After more than sixty years of writing, Berry is best known for his polemics: his prolific work as an essayist and speaker addressing vital questions at the intersection of ecology, morality, and politics. In this vein, Berry’s writings tend toward the contentious and hit like a minority report—and sometimes they report not on his dreams so much as his nightmares. “If we continue to be economically dependent on destroying parts of the Earth,” he succinctly warned in 2004, “then eventually we will destroy it all.” The title of that essay itself sums up his instinctive political response to the times: “Compromise, Hell!”

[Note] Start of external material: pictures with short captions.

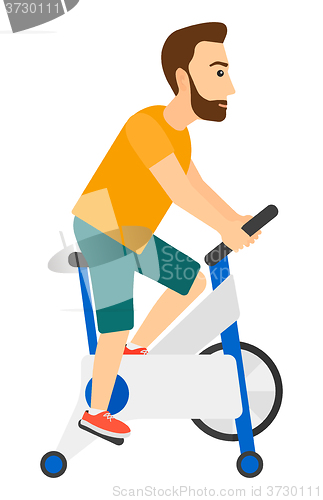 Image of Man doing cycling exercise.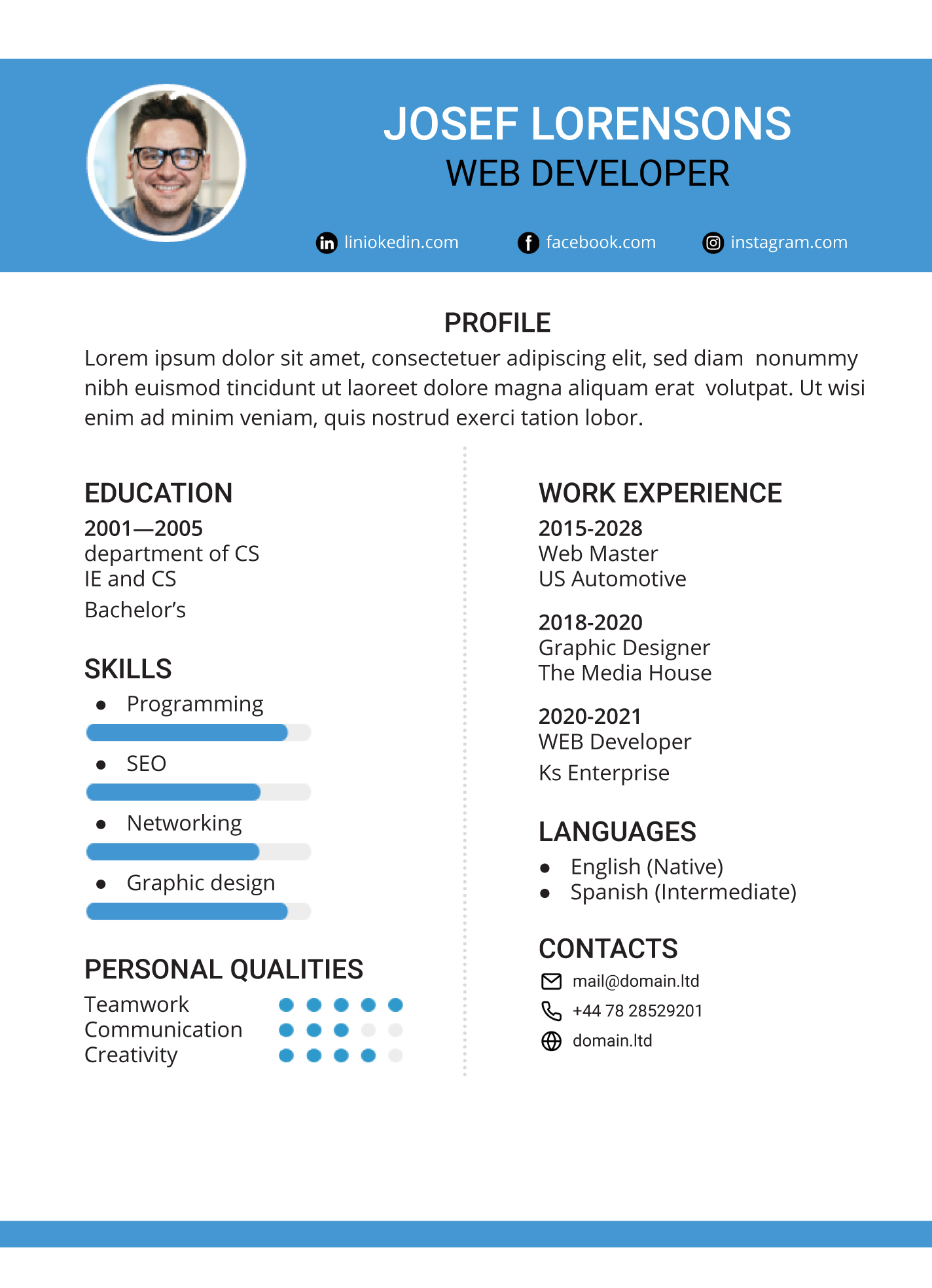 Web Developer Resume Free Google Docs Template - gdoc.io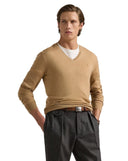 Washable Wool V - Neck Sweater Camel Melange - Unmatched Kicks - ralph lauren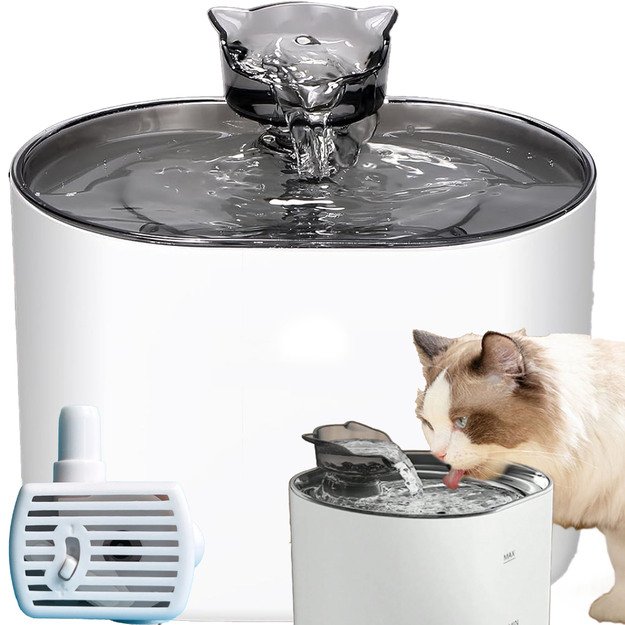 Automatinis girdyklos dubuo su tyliu fontanėliu katėms ir šunims, 2,2 l 30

Berry’s dreams do emerge in his essays, and of course they inform them. His poems, appearing in dozens of publications across these decades, make his hope more vivid, more musical. But to see Berry’s dreaming vision of our world fully laid out, one must go to his fiction. In the early 1960s he began to publish an entwined series of stories centered on the fictional town of Port William in northern Kentucky, a town “without pretense or ambition,” as one of his narrators recalls, “for it was the sort of place that pretentious or ambitious people were inclined to leave.” To date Berry has produced eight novels and more than fifty short stories (along with some poems and at least one play) about this place, magical in its lowliness and mythical in its ordinariness—a fantasia of democratic, republican proportions. If it’s a profoundly flawed world, it is yet, in Berry’s telling, a good one. And therein lies his hope.
In one of these tales, the narrator tells us that “Uncle Peach,” buoyantly recounting a nonexistent episode in his past, “was just storying.” The pleasure Berry himself takes in “just storying” couldn’t be more evident; his narratives pulse with a range of voices, affinities, and ideals that he weaves together with palpable joy—a surprise, perhaps, to those who know Berry only from his essays.
But Berry’s joy in storytelling is rooted in more than love of his craft—it’s also an expression of his cosmology. He anchors his stories in a universe in which love indeed rules, and his purpose and challenge as a storyteller is to do justice to this reigning love. “Just storying” indeed.